RAW STORY's coverage of the news, and the release of the video demonstration of how to hack a Sequoia AVC Advantage electronic voting machine, began this way last week:
"We wanted to find if a real criminal could do this, starting from scratch, with no access to source code or other closely guarded technical information," the announcer begins. "We faced several challenges: getting a voting machine, figuring out how it works, discovering a weakness, overcoming the machine's security features and constructing attack software."
"In the end we found that it is possible to undetectably change votes and that such an attack takes a lot less time and money than one might expect," the announcer said.
A Princeton professor was able to acquire five voting machines for just $82 that had been resold on a government surplus website. The acquired machines were originally sold by Sequoia Voting Systems.
Hacks of our electronic voting systems used to be big news. Now though, it's been done so many times, and is apparently so simple to do, that the news hardly registers in the corporate mainstream media (if it ever did in the first place). Yet, almost nothing has been done about virtually any of it to date.
We reported on the Princeton professor, Andrew Appel, acquiring the five Sequoia AVC machines two and a half years ago, that he was able to pick the lock "in seven seconds", and change the chips inside to do anything he might want the machine to do, including change votes after the close of polls on Election Day. The five machines that Appel purchased for $82 on the Internet were purchased by New Jersey just a few years earlier for $10,000 a piece. The state still uses the same hackable, 100% unverifiable voting machines, despite numerous failures during actual elections.
At the time of Appel's purchase, Sequoia Voting System had been touting their "tamperproof products, including ... the AVC Advantage," which, they said, "are sought after from coast to coast for their accuracy and reliability."...
The video tape demonstration of the new hack (posted below), avers that the chip swap used in the hack can be done while the voting machine is left unattended, which is, as the video notes, a "common practice in many polling places." It certainly is. (See Sequoia voting machines left unattended in two different Riverside County polling locations in 2006, at right.)
While the hack could be accomplished, as suggested by the scientists, by an outsider, an insider, such as an election official, voting machine company employee, or a poll worker who takes the voting machine home in the days prior to the election (a common practice, which has come to be known as a voting machine "sleepover") proves the greatest threat to such systems. As acknowledged by virtually all computer scientists and security experts, and even confirmed by the highly compromised, GOP-operative-created Baker/Carter National Election Reform Commission years ago, the greatest threat to such systems comes from insiders. As even the phony Baker/Carter commission noted: "There is no reason to trust insiders in the election industry any more than in other industries." Thus, there is almost nothing that can be done to protect against such exploits.
But whoever accomplishes this particular hack, the UC San Diego scientists note, the exploit leaves no trace behind and is therefore unlikely to ever be discovered.

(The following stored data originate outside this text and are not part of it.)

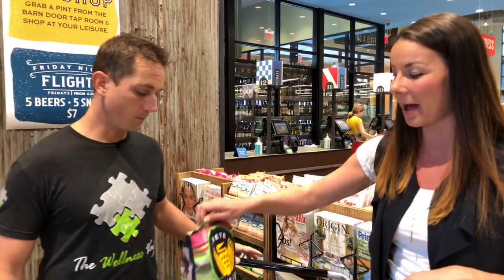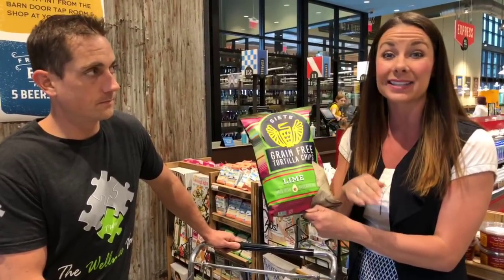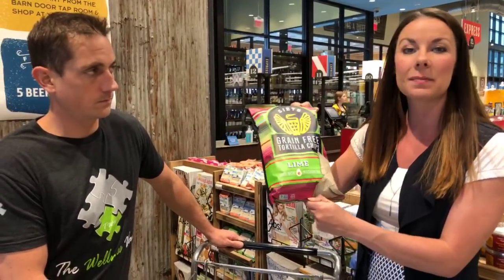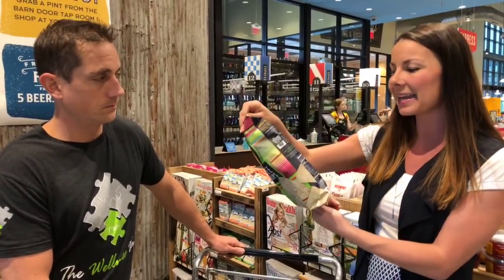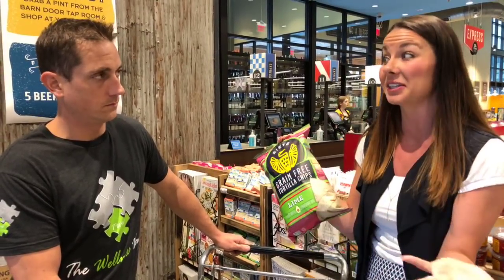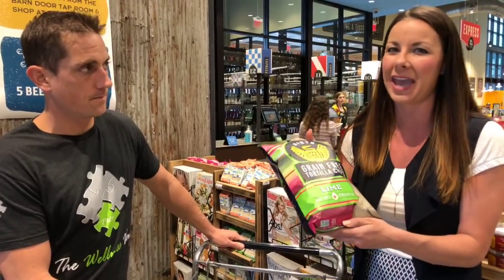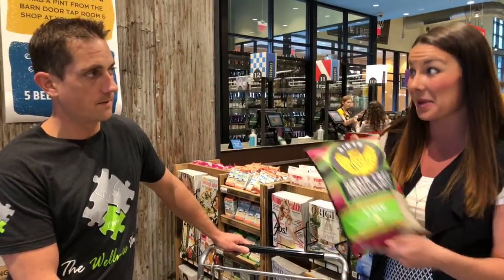We're going to start with my very first one because people always miss their tortilla chips. The Siete chip brand has no grain — no wheat and no corn, which is a big thing we take away for inflammation. It's actually made with coconut and cassava, and it doesn't have any of the bad oils — it's made with avocado oil. This is a perfectly good swap for your regular tortilla chip, and they're actually delicious. They taste really good, and even your kids will never know the difference.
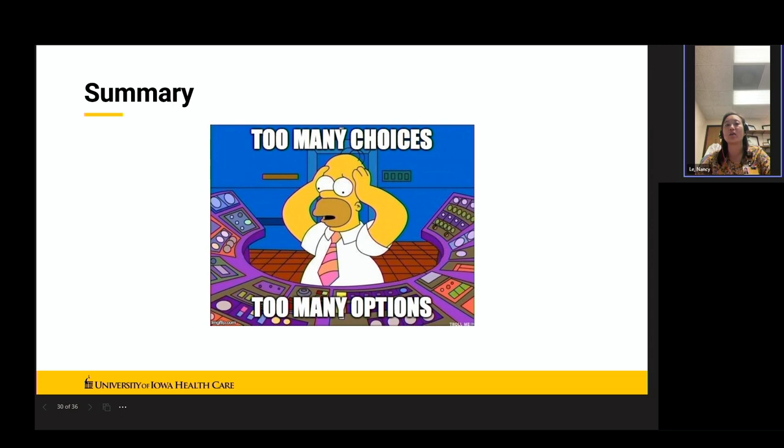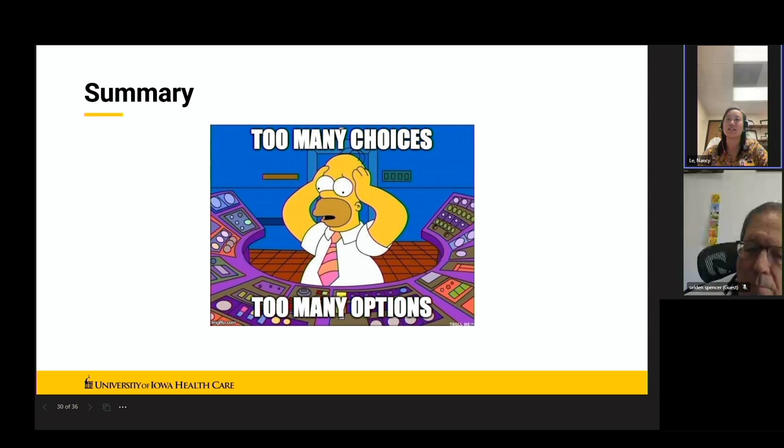That is a summary of the DMT options. There are many treatment options to choose from, but hopefully this provides a good reference point. Please utilize your pharmacist to help navigate all of these DMTs and the new ones that are coming out. I'll open the floor for questions.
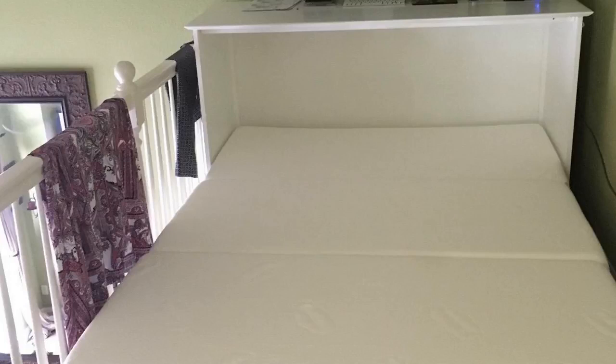Starting off, it works really well. It folds up easy, folds out easy. The chest itself looks good.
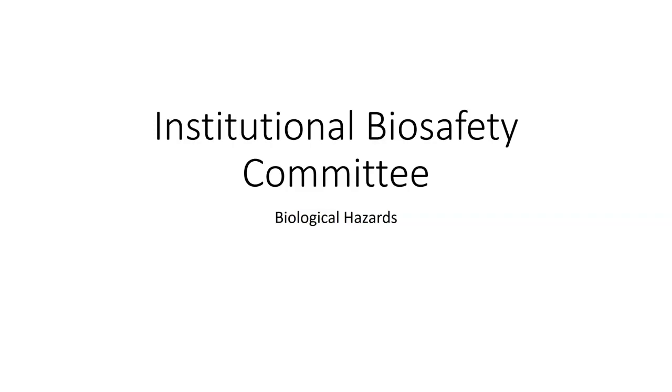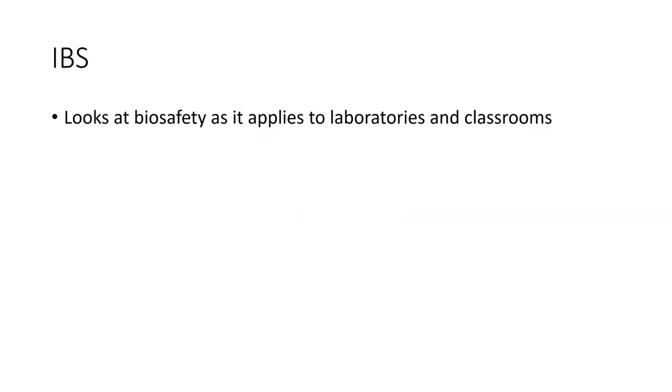The institutional biosafety committee looks at biological hazards — basically, what are you doing inside your classroom or laboratory that may be problematic. If you have anything like that, it needs to be reported to the institutional biosafety committee so they can make sure that biosafety is properly addressed.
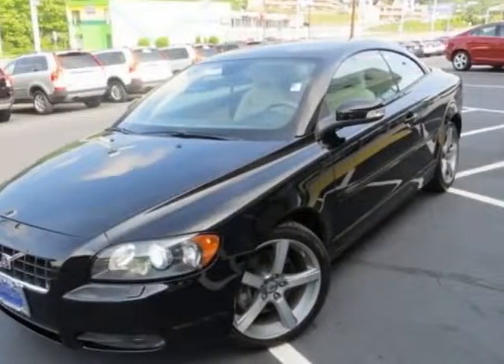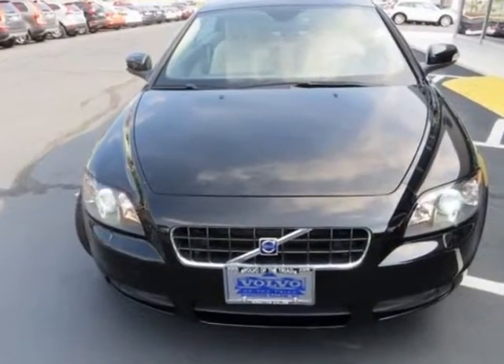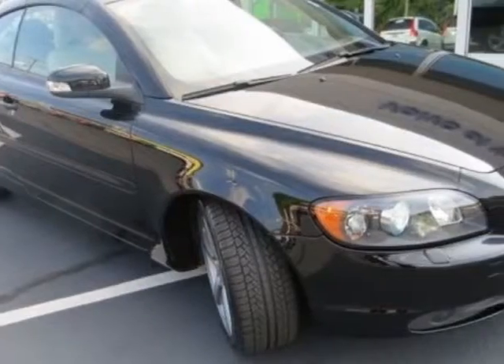Check out this 2010 Volvo C70. This C70 has just under 15,500 miles. For your protection, this vehicle has a factory warranty.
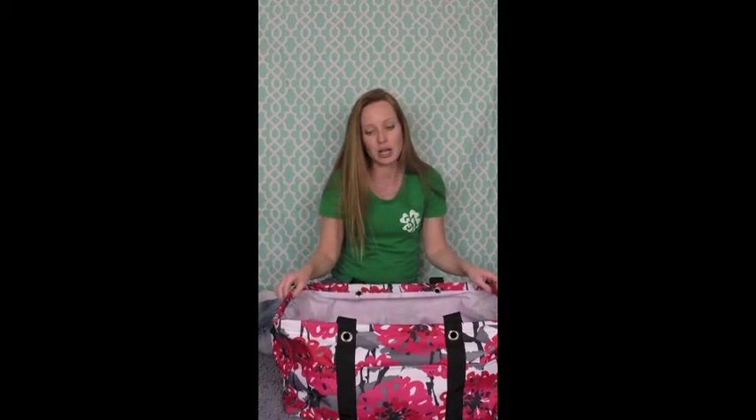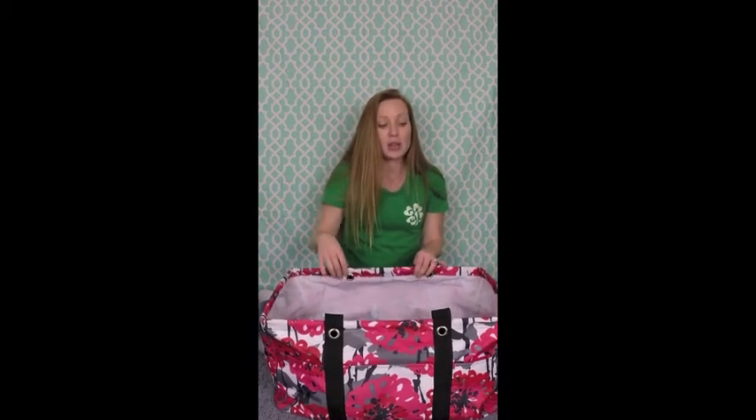Let me show you our next edition — the deluxe utility tote. Everybody was asking for something with a hard bottom on the large utility tote, and they also wanted pockets and handles. So 31 delivered. Right here on the front you can see three big pockets on the outside. On the inside it's just like the large utility tote but it's wider, it has handles on the ends, and it also has a hard bottom. It's much bigger, much more durable, and it's a great addition to the line.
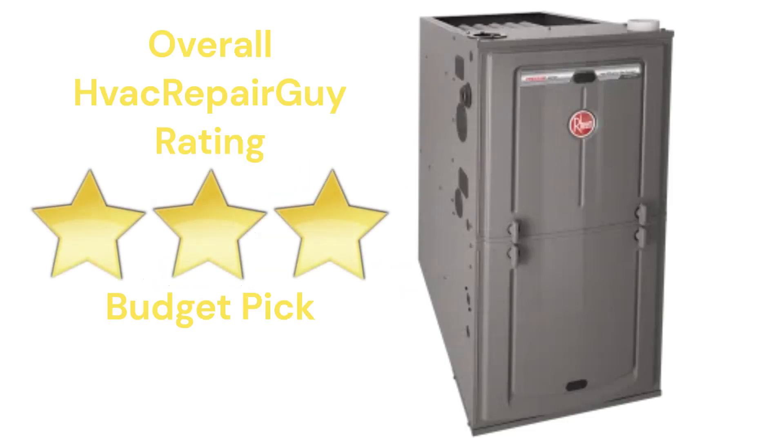This brand receives an overall 3-star budget pick rating from HVAC Repair Guy. Please share your thoughts and experiences with this brand in the comments section of the HVAC Repair Guy YouTube channel. Thanks for watching and God bless.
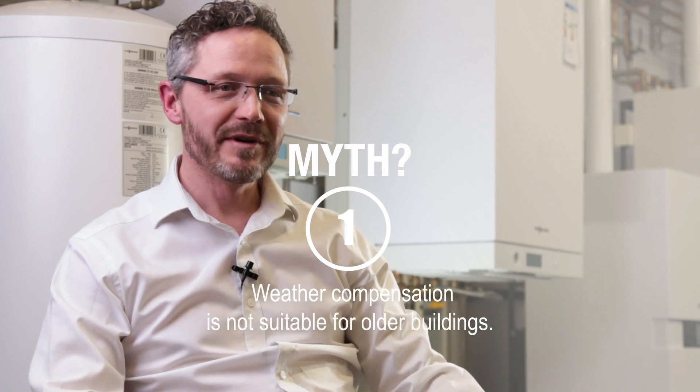In our time promoting weather compensation, we've come across five popular myths. Myth one is that weather compensation is not suitable for older buildings. The real facts are that weather compensation allows the boiler to run at lower temperatures, but it doesn't mean that its maximum temperature is reduced. Older buildings will lose more heat than modern properties, and the boiler still has to be able to cope with that.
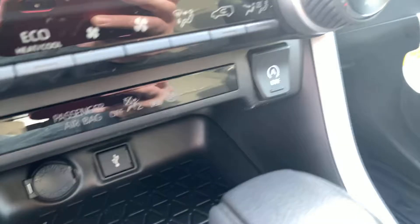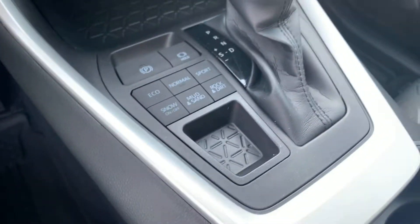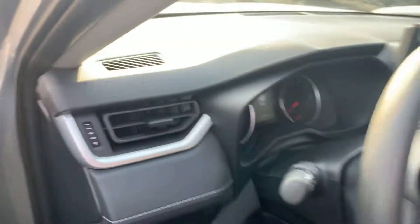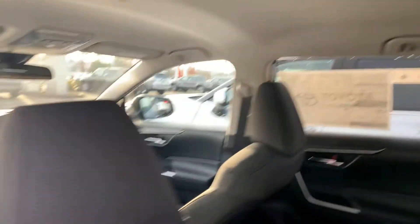Floor mats, traction control, automatic parking brake — pretty much everything else is standard. I'm pretty sure you've seen one before, but there you go.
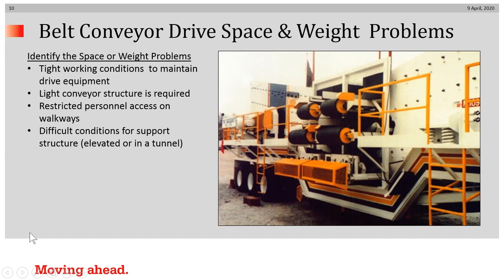The actual space and weight problems we'll be talking about today could be tight working conditions making it difficult to maintain drive equipment, a light conveyor structure that causes its own set of problems, restricted personnel access on existing catwalks, or difficult conditions for the conveyor support structure, such as a very light high structure or something very deep in a tunnel.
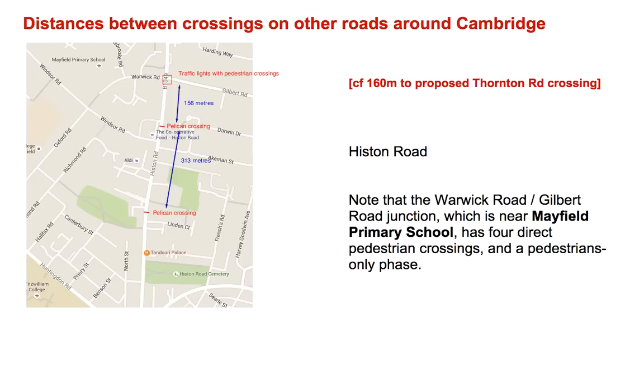First let's look at Histon Road. It's not quite as busy as Huntingdon Road, nevertheless it is a major road with a junction on the A14 motorway. Here are the crossings in a comparable section: there's a Pelican, another Pelican, and then a four-way traffic light junction with an all-pedestrian phase. This junction is on a road which leads over a matter of a few hundred meters to a primary school. This is a very good metaphor for the situation at the University of Cambridge primary school, which is a few hundred meters away from a major road. So there's a good precedent for providing good pedestrian facilities on roads that lead to primary schools, and the distance to the nearest Pelican crossing is about 156 meters, which is very similar to what we were suggesting in our plan.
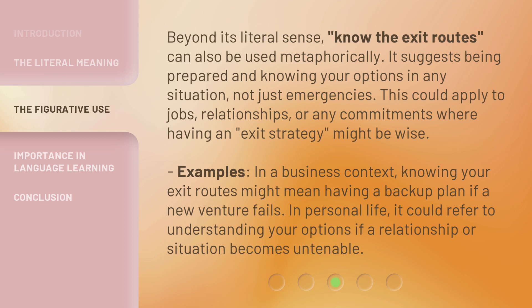Example: In a business context, knowing your exit routes might mean having a backup plan if a new venture fails.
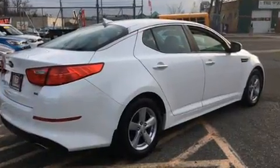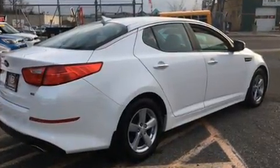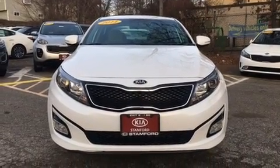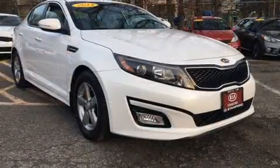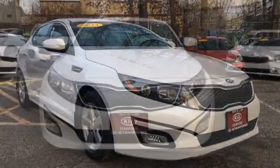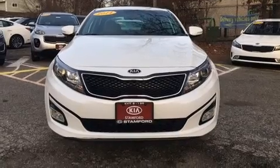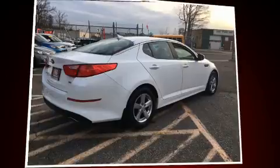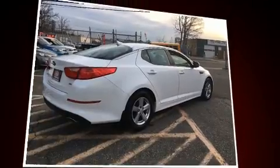This model accommodates five passengers comfortably and provides features such as a trip computer, turn signal indicator mirrors, remote keyless entry, and one-touch window functionality. A premium sound system with six speakers provides you and your passengers a sensational audio experience.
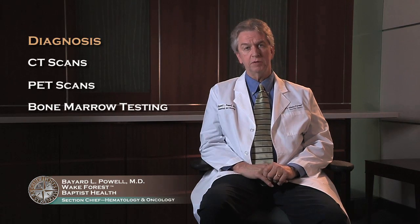Once you have a diagnosis of lymphoma, it's important to figure out the extent of the disease, and we'll go over the staging in just a moment. The workup initially will usually involve some CT scans and usually PET scans to see where the lymph nodes are throughout your body, and also bone marrow testing where we take a sample of the bone marrow to see if the lymphoma involves the bone marrow.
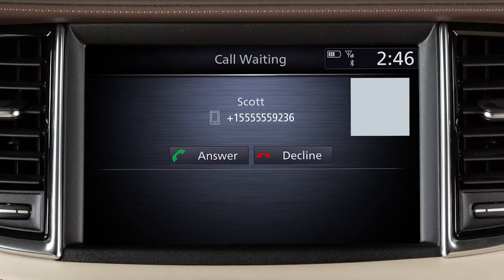If a call is placed to the phone while another call is active, a notification will appear on the screen. Touch Answer to place the current call on hold and accept the incoming call, or touch Decline to reject the incoming call.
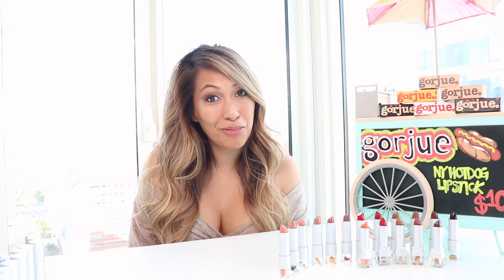Hi, it's me, Mysa Kover. I am the founder of the company Gorge Cosmetics. All of our makeup colors are inspired by foods from around the world.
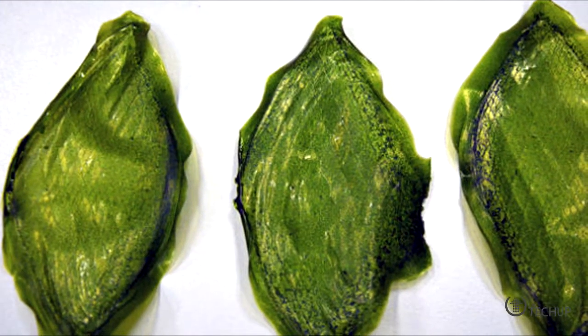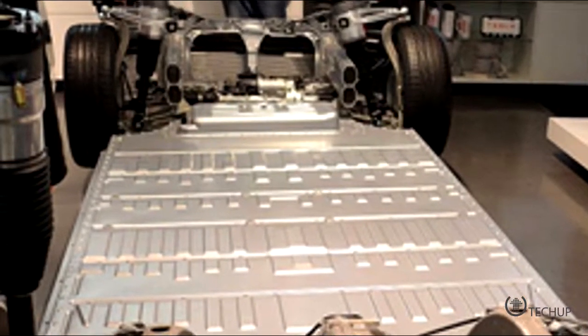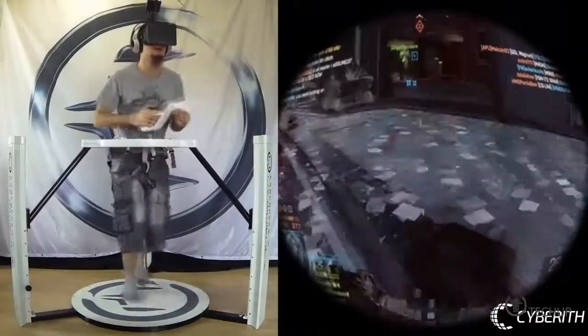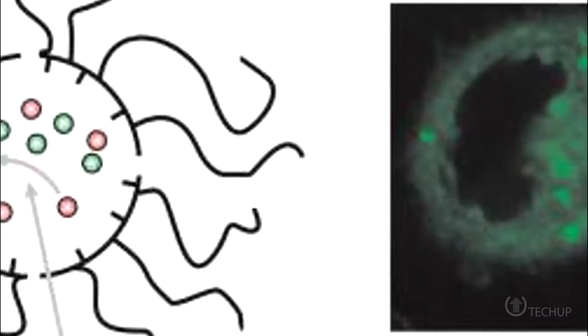We talk about leaves that can help populate other planets, even more exciting news about all things battery, sweet new virtual reality that I need in my life right now, and a not so yellow nano submarine.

In the UC San Diego video demonstration, 3 votes are seen being cast for George Washington during a mock election. But, "after the polls closed, the attacker's invisible software shifts votes." Instead of Washington, the electronic Sequoia voting machine prints out the winner as Benedict Arnold by a 2 to 1 vote margin.
No known electronic voting system, the scientists now argue, is safe. "We demonstrated practical attacks against a specific computer voting machine, the AVC Advantage, but the implications are broader," they note in the video. "Computer security features may not stand the test of time. Providing a lasting safeguard requires a system that voters can verify, such as paper ballots."
They are correct, of course, and no "Luddites" either, as computer scientists and security experts. Though, it should be noted, that while paper ballots --- by definition, "verified" by the voter when they actually fill them in by hand --- are needed, unless they are counted publicly, those too can be easily exploited without detection. [Ed Note: I'll have more on that point shortly, in an article and op/ed I recently wrote for the Commonweal Institute, where I am a Fellow. - BF]
Congressman Rush Holt (D-NJ)'s "Voter Confidence and Increased Accessibility Act" (H.R. 2894) legislation, which we've analyzed in detail, is now working its way through the U.S. House as the leading piece of voting system reform in either chamber. While eventually banning the type of electronic voting systems used in the UC San Diego team's experiment, it would allow them for continued use in the next two federal election cycles, including the 2012 Presidential race. It would then allow for the tabulation of paper ballots by similarly hackable optical-scan systems forever.
Sequoia Voting Systems hackable voting machines are used in fifteen states, including New Jersey (Rush Holt's home state), Missouri, Virginia and the entire state of Nevada, as well as the District of Columbia.
The team that documented this latest hack includes several members of the Princeton team who hacked Diebold's AccuVote touch-screen system in 2006 after we supplied them with the voting machine, as given to us by a Diebold insider. Though it made big quite a splash at the time --- even live on Fox "News" --- when, as with the latest hack, Benedict Arnold was able to defeat George Washington after eye-witnesses watched all the votes being cast in favor of Washington, the same, ironically named Diebold AccuVotes are still in use today. Just like the Sequoia systems.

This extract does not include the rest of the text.